High-titer manufacturing of SARS-CoV-2 spike-pseudotyped VSV in stirred-tank bioreactors

Abstract

The Severe Acute Respiratory Syndrome Coronavirus 2 (SARS-CoV-2) pandemic highlighted the importance of vaccine innovation in public health. Hundreds of vaccines built on numerous technology platforms were rapidly developed against SARS-CoV-2 since 2020. Like all vaccine platforms, an important bottleneck to viral-vectored vaccine development is manufacturing. Here, we describe a scalable manufacturing protocol for replication-competent SARS-CoV-2 Spike-pseudotyped Vesicular Stomatitis Virus (S-VSV)-vectored vaccines using Vero cells grown on microcarriers in a stirred-tank bioreactor. Using Cytodex 1 microcarriers over 6 days of fed-batch culture, Vero cells grew to a density of 3.95 + 0.42 ×10⁶ cells/mL in 1 L stirred-tank bioreactors.
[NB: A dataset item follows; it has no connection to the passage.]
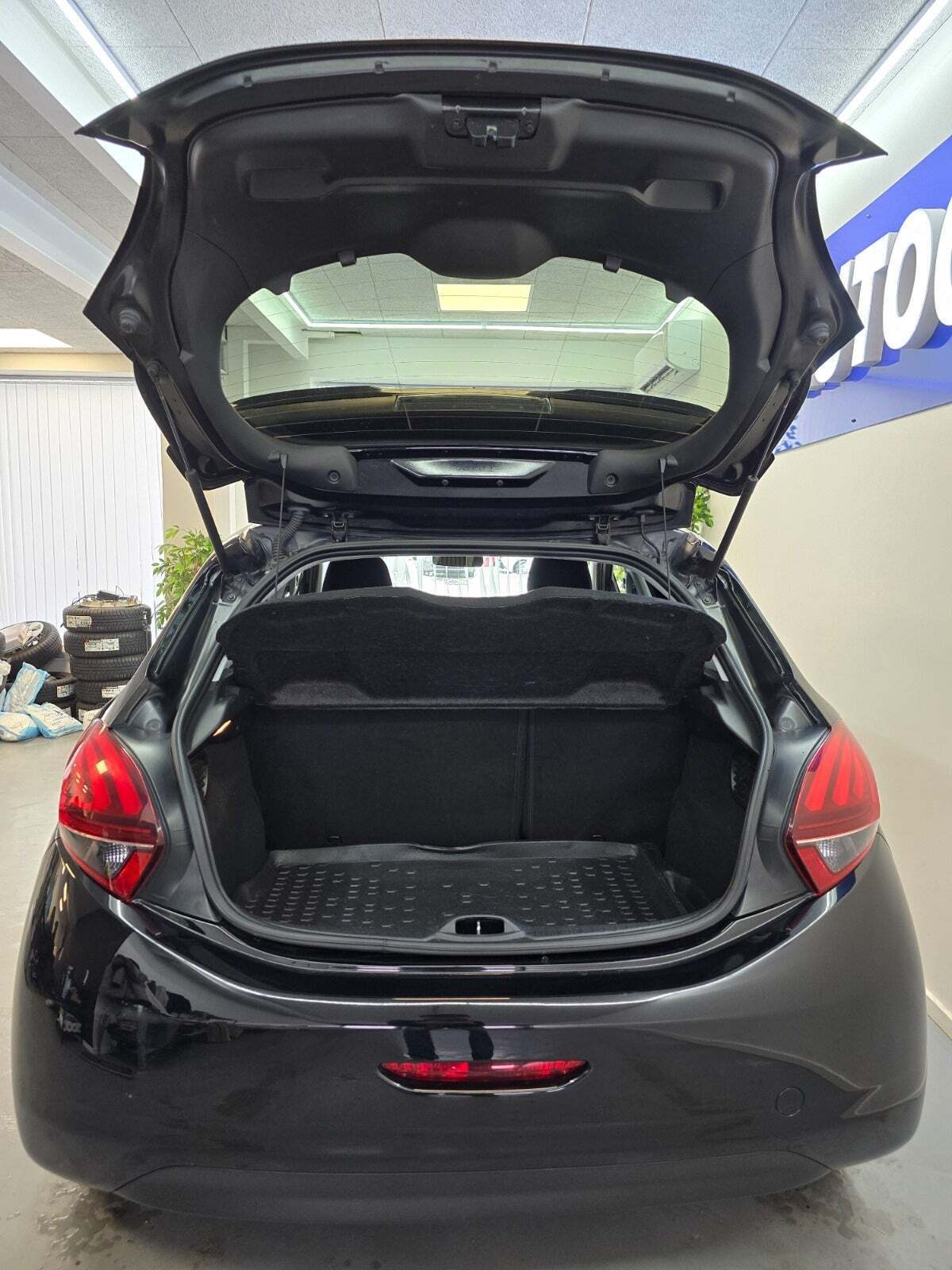 Sort Peugeot 208 fra 2019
Ancestral strain S-VSV reached a peak titer of 2.05 + 0.58 ×10⁸ plaque-forming units (pfu)/mL at 3 days post-infection. When compared to growth in plate-based cultures this was a 29-fold increase in virus production, meaning a 1 L bioreactor produces the same amount of virus as 1284 15cm plates. Additionally, the omicron BA.1 S-VSV reached a peak titer of 5.58 + 0.35 ×10⁶ pfu/mL. Quality control testing showed plate- and bioreactor-produced S-VSV had similar particle-to-pfu ratios and elicited comparable levels of neutralizing antibodies in immunized hamsters. This method should enhance preclinical and clinical development of pseudotyped VSV-vectored vaccines in future pandemics.